Au niveau mondial, la Banque mondiale, le FMI et l’OCDE, dans le cadre de leurs programmes de déréglementation et de privatisation de biens publics mondiaux, font évidemment la promotion du PPP (4) ; de manière complémentaire, des cohortes de fondations regroupant des structures privées (bancaires et financières entre autres) en font l’apologie active, sous forme de lobbying auprès des politiques (5).
Dans l’Union européenne, le PPP est mis en place en mars 2004 par une directive de la Commission européenne, qui ne considère pas les dépenses faites dans le cadre d’un PPP comme faisant partie de la dette publique. Il suffit de se rappeler que l’investissement et le crédit publics sont condamnés par la Banque centrale européenne et interdits par les traités européens successifs pour voir que c’est bien la voie du désengagement public au profit des pouvoirs privés qui est creusée.
En France, depuis sa mise en place en juin 2004, sous l’impulsion des néo-libéraux français et dans la foulée de la directive européenne, l’échec de ce nouvel outil à démonter le bien public est flagrant : début 2008, 25 contrats seulement avaient été signés (6)... Le gouvernement décide donc que c’est son caractère d’exception qui pose problème - celui-là même que le tribunal administratif d’Orléans a invoqué dans le cas de Villemandeur. Une nouvelle loi est en conséquence présentée en février dernier (7), qui permet entre autres de conclure un PPP si celui-ci revient moins cher qu’une opération publique (en rognant sur la main-d’œuvre, par exemple...) ! La mobilisation de différentes structures (8) n’aura rien changé : la loi a été adoptée à l’Assemblée nationale le 26 juin (votée par l’UMP et le Nouveau centre), ouvrant ainsi grand les portes à la modernité et au grand appétit des puissants.

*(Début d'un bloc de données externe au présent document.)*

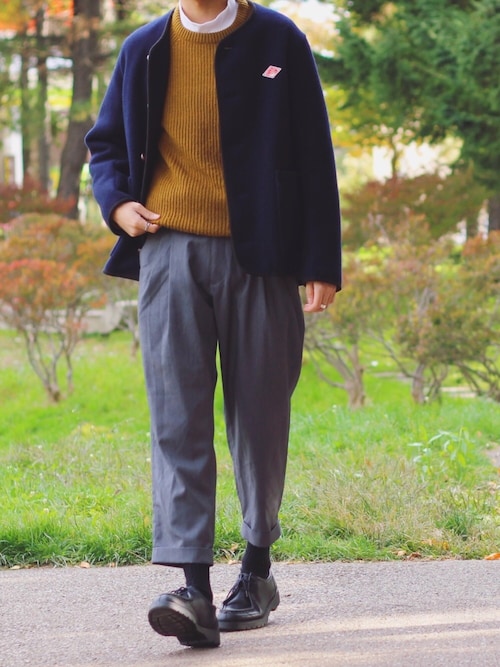 reposukeさんのコーディネート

Une loi d’ordre idéologique difficilement saisissable sous ses atours techniques, une régression faite sur mesure pour contenter les multinationales, une dizaine de prisons (parmi d’autres établissements publics) en phase de construction sous PPP dans tout le pays ; dans le Loiret, la construction programmée de deux autres PPP pour des collèges (qui ne sera pas empêchée par l’annulation du contrat - mais pas du partenariat - de Villemandeur) : une fois encore, les perspectives semblent tracées droites et larges.

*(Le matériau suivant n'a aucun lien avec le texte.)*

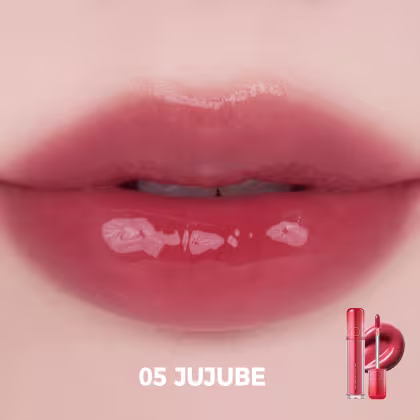 Imagem do produto ROM&ND Lip Tint The  Juicy Lasting Tint 5.5g COR:#05 JUJUBE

Cependant, l’écran de fumée n’a pas mis longtemps à se dissiper, et le PPP est bien pris pour ce qu’il est, une nouvelle ruse des pouvoirs de l’argent et de leurs subordonnés qui font métier de politique. Des institutions internationales (ONU), des confédérations syndicales, des associations citoyennes, en France comme partout dans le monde, réagissent à cette nouvelle agression contre le bien commun. Tout en sachant que les collectivités locales qui prennent la décision d’un PPP doivent s’attendre à répondre à leurs administrés et électeurs de leurs actes. Lutte locale, lutte globale : de la Banque mondiale au Conseil général, c’est à chaque échelle que la résistance et l’alternative doivent continuer à s’organiser.
Rémi Daviau, Attac 45.
1) Documentation du Ministère de l’économie.
2) Débats à la séance du 1er avril 2008, Assemblée nationale.

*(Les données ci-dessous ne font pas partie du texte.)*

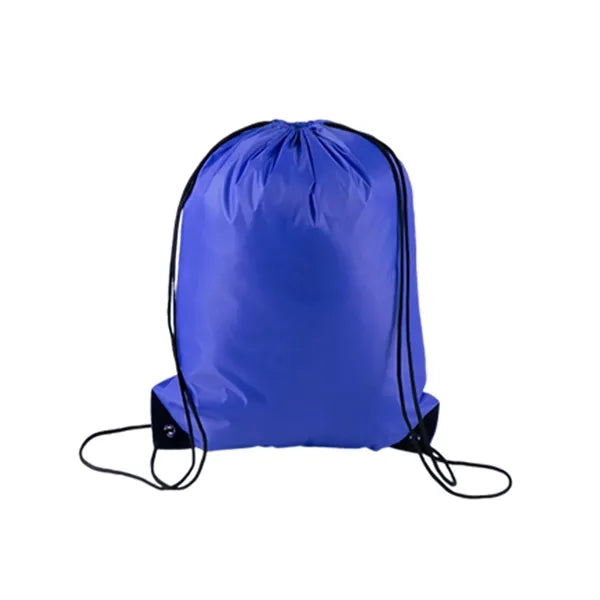 Polyester Drawstring Backpack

3) Communiqué de presse du Conseil général du Loiret, 29/04/2008.
4) Depuis 1999, la Banque mondiale et plusieurs pays riches ont décidé d’orienter leurs aides à l’accès à l’eau vers la mise en place de PPP en créant le Public-Private Infrastructure Advisory Facility, qui fait pression par tous les moyens pour obtenir, partout où c’est possible, la privatisation des la gestion de l’eau.
5) National Council for Public-Private Partnerships aux USA, Institut de la gestion déléguée (très écouté par N. Sarkozy) et Centre d’expertise français pour l’observation des partenariats public-privé en France, etc etc. A noter aussi l’action de personnalités comme l’ancien ambassadeur américain à Paris, banquier, administrateur de plusieurs multinationales françaises et ami de Nicolas Sarkozy Felix Rohatyn, qui milite depuis la fin des années 90 pour l’expansion des PPP, en faisant la promotion auprès des collectivités locales, dans le but avoué de privatiser les structure urbaines et d’affaiblir la puissance des Etats, par le biais de divers colloques aux Etats-Unis et en Europe.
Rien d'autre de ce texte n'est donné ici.